Who concluded that it doesn't?
As far as i can see, it's simply the inherent balance of the car. To put less heat to the rear tyres, it probably would need a balance that is not competitive. It may well be the very same exhuasts over heating the tyres as well.
Whatever it is, it is related to donwforce creation. The aero balance not exluding the blown diffuser.
Over one lap, no problem degradation doesn't reach an advanced stage, so the car is quick.
Over a few laps the tyres are saturated and overworked, and the heat breaks down the mechanical properties of the rubber.
In terms of the exhuast, Maybe they need to allow more cooling on the inside of the tyre, cutting some more material out of the diffuser. this may result in loss of downforce, and change in behavior of the car, but to couteract that the flow can be nozzled some more.
We can see attempts here to chanell the exhuast away from the tyre and direct it where it needs to be.
The metal peice in front of the tyre will also direct air to the inside of the tyre wall creating a barier against the hot air fromt he exhuasts.

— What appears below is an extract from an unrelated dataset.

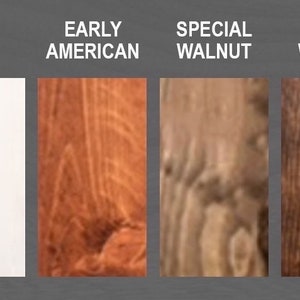 May include: Six wood stain color samples: Classic Gray, White, Early American, Special Walnut, Dark Walnut, and Ebony.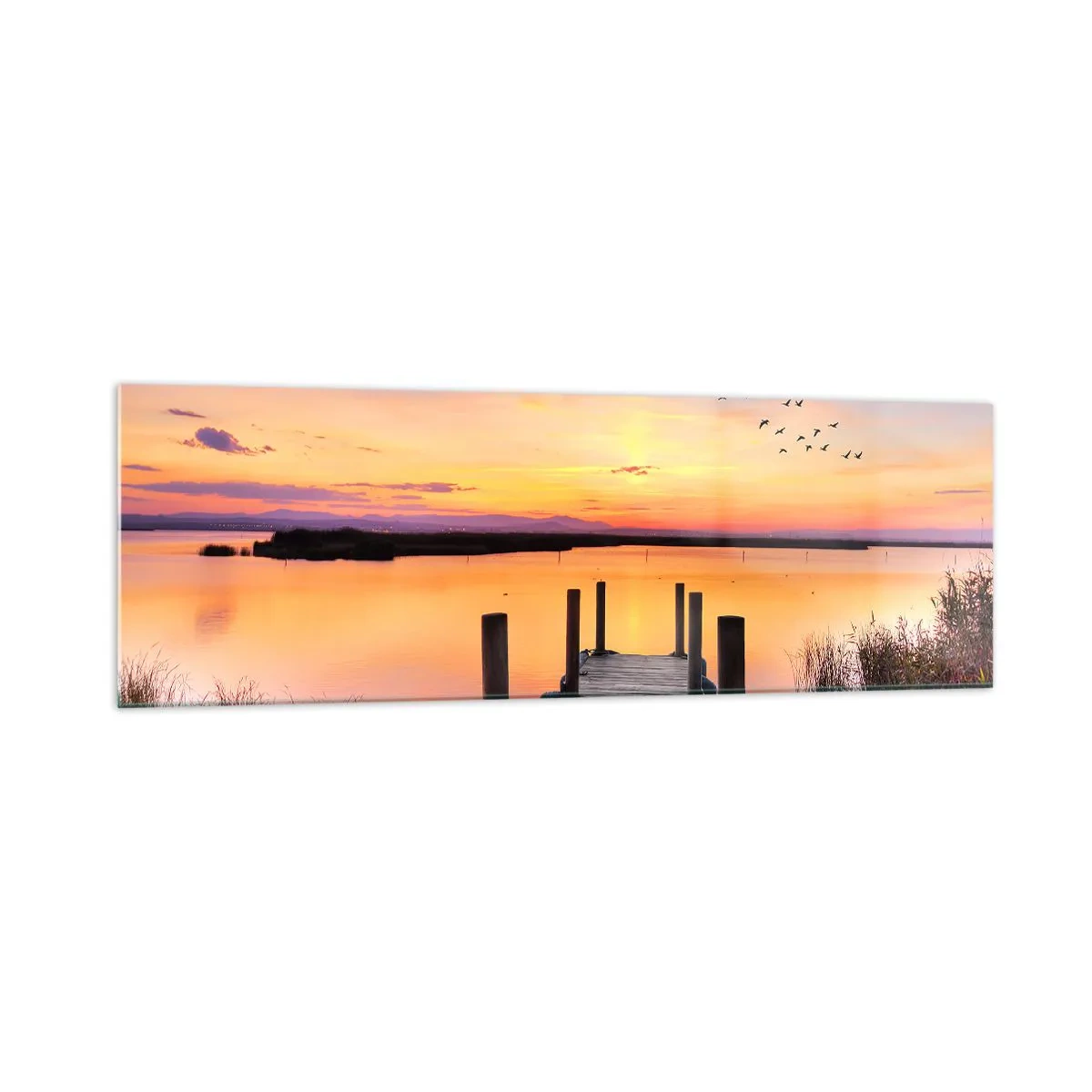 Glass picture - Violet Quiet Dawn - 160x50 cm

This solution probably works, as they wouldnt be using it, but i dont think it does enough to protect the tyres and it doesn't do enough to maintain exhuast speed. It's probably best at channeling flow alone. But for outright performance the gases need to be speeded up, as close to trans sonic speed as possible. You do this by using nozzles. There's a drag penalty of course.
Here's your floor nozzle in front of the tyre:
here again:
Notice that you have sufficient slots in the floor on the outside of the nozzles for allowing cooling flow to that hot area. Three very generous slots.
The most critical thing in these redbull images is the nozzle and it's shape. If you look at the outer profile of the nozzle it's pushing the exhaust away from the tyre. See the curvature? It's not chanelling straight down the inside like the mercedes guide vanes, it's speeding up the flow and it's pushing it taway from the inside edge of the tyre. Look also at the huge gap between tyre and diffuser. You can actually see the asphalt through that gap.
So in summary, i think mercedes problems could be helped by attacking the most obvious problem, rear tyre degredation. Which is of the thermal kind. You do this by lowering the temperatures, even if it doesn't make the car run 50 laps straight like a lotus, lowering temps will delay degradation. By copying redbull they could find gains in tyre life.